• **What you should do**
Please give back word for word the lines of the material below between the line containing "JAGUAR XE AT 2016 HITAM" and the line containing "Aphrodites Group - Luxury", inclusive.

◆ ◆ ◆ ◆

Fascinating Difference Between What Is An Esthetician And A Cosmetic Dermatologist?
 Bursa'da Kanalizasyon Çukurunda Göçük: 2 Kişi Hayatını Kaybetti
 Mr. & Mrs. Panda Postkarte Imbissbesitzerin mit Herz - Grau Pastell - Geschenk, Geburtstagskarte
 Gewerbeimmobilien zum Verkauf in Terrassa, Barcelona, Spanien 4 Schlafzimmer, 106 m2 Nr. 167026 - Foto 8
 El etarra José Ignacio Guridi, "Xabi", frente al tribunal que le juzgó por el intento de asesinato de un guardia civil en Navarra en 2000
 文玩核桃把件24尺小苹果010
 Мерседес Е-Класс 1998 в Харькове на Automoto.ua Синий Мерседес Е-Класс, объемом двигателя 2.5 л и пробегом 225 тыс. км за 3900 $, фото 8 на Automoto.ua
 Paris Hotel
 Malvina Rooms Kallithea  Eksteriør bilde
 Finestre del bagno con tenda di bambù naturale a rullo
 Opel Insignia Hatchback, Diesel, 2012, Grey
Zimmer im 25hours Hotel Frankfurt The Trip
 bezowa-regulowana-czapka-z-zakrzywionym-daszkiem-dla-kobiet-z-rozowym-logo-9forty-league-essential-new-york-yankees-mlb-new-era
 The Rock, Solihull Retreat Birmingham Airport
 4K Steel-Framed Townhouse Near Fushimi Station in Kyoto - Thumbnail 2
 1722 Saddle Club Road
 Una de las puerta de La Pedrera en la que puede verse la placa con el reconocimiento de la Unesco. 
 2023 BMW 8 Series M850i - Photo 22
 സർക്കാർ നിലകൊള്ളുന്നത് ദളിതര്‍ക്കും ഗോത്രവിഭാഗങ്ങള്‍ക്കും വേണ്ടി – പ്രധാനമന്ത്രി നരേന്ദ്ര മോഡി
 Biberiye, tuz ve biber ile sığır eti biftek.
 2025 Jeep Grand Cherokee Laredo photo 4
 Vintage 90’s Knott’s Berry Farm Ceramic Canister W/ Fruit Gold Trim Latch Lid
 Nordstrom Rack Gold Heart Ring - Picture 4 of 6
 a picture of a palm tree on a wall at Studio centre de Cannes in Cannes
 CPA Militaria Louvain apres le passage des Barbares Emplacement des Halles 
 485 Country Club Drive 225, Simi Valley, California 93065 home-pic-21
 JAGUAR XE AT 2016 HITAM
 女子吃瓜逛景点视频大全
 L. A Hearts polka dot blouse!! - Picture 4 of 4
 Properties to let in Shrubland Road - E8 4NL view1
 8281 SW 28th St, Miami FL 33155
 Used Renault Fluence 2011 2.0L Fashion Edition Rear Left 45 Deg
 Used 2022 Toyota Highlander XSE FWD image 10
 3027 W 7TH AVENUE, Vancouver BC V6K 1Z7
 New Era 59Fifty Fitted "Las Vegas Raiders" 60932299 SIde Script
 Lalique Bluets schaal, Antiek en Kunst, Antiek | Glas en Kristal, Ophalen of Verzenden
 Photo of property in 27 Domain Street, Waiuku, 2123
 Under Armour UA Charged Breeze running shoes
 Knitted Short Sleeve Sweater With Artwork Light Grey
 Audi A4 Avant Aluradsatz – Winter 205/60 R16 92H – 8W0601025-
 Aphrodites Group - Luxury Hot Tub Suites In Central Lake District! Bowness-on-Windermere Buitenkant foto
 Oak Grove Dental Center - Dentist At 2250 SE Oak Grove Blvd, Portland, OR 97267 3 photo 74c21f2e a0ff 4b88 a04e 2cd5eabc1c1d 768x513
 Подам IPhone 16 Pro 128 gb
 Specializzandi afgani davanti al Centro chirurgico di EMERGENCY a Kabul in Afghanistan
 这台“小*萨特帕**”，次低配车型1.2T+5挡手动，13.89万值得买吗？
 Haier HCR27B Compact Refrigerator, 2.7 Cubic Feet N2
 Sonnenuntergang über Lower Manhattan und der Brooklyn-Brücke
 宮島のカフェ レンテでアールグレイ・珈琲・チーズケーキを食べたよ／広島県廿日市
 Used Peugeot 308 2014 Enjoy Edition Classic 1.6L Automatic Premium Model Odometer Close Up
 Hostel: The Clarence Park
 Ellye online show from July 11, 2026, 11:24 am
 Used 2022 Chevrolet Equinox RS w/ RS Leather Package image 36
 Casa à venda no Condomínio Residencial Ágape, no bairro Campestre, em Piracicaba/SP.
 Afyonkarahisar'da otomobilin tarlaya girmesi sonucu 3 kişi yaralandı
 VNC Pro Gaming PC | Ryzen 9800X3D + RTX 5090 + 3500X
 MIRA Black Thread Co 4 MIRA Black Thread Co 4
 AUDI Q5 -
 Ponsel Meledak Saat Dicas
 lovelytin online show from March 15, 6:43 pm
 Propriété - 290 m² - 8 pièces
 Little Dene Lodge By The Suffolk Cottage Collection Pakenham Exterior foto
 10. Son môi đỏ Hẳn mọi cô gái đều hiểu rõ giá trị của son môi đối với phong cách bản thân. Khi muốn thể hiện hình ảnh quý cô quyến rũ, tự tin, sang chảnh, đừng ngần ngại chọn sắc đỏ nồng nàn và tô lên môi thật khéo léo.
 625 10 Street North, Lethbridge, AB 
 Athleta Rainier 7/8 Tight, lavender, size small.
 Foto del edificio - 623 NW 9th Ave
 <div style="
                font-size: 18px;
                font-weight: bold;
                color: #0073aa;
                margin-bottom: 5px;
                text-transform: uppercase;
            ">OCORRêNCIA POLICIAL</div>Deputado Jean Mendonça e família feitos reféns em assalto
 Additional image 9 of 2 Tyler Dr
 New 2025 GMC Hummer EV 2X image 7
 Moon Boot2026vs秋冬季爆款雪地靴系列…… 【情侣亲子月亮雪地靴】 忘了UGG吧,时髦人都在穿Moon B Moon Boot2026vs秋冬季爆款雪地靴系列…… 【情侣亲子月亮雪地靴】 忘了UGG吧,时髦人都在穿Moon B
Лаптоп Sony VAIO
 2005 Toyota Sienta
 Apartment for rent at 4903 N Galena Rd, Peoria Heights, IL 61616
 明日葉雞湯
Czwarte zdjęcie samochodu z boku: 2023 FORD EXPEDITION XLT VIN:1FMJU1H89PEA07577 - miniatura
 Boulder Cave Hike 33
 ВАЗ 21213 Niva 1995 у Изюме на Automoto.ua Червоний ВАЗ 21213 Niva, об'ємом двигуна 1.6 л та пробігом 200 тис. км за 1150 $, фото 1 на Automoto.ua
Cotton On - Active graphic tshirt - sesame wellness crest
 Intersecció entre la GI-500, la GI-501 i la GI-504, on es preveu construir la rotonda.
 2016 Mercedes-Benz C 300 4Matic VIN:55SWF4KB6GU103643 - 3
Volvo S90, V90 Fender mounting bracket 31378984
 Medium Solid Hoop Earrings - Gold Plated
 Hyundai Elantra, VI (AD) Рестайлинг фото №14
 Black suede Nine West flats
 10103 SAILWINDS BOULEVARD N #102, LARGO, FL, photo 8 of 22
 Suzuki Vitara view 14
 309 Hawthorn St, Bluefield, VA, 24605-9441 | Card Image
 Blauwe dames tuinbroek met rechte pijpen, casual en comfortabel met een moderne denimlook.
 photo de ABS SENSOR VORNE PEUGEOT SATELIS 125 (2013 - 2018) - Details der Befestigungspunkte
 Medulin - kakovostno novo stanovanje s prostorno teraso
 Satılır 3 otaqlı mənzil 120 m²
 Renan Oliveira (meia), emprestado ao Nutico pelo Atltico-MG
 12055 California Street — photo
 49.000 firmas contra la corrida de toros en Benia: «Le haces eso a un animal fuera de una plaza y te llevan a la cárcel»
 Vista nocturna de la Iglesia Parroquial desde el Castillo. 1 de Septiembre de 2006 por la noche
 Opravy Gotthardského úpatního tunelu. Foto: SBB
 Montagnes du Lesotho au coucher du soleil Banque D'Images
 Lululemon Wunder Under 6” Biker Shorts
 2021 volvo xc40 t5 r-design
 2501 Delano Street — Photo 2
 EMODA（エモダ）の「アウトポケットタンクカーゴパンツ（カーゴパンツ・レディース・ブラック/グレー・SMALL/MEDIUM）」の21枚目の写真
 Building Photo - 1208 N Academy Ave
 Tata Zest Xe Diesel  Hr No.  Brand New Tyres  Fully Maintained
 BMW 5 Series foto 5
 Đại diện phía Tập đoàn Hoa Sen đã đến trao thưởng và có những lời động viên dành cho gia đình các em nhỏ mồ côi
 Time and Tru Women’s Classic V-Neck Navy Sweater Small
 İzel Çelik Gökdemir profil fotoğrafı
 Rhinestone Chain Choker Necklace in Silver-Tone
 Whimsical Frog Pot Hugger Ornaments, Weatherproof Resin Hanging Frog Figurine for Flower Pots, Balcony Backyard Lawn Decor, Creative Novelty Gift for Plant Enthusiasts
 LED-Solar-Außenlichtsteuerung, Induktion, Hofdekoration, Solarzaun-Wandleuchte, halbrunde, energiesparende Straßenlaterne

◆ ◆ ◆ ◆

• **Response below**
 JAGUAR XE AT 2016 HITAM
 女子吃瓜逛景点视频大全
 L. A Hearts polka dot blouse!! - Picture 4 of 4
 Properties to let in Shrubland Road - E8 4NL view1
 8281 SW 28th St, Miami FL 33155
 Used Renault Fluence 2011 2.0L Fashion Edition Rear Left 45 Deg
 Used 2022 Toyota Highlander XSE FWD image 10
 3027 W 7TH AVENUE, Vancouver BC V6K 1Z7
 New Era 59Fifty Fitted "Las Vegas Raiders" 60932299 SIde Script
 Lalique Bluets schaal, Antiek en Kunst, Antiek | Glas en Kristal, Ophalen of Verzenden
 Photo of property in 27 Domain Street, Waiuku, 2123
 Under Armour UA Charged Breeze running shoes
 Knitted Short Sleeve Sweater With Artwork Light Grey
 Audi A4 Avant Aluradsatz – Winter 205/60 R16 92H – 8W0601025-
 Aphrodites Group - Luxury Hot Tub Suites In Central Lake District! Bowness-on-Windermere Buitenkant foto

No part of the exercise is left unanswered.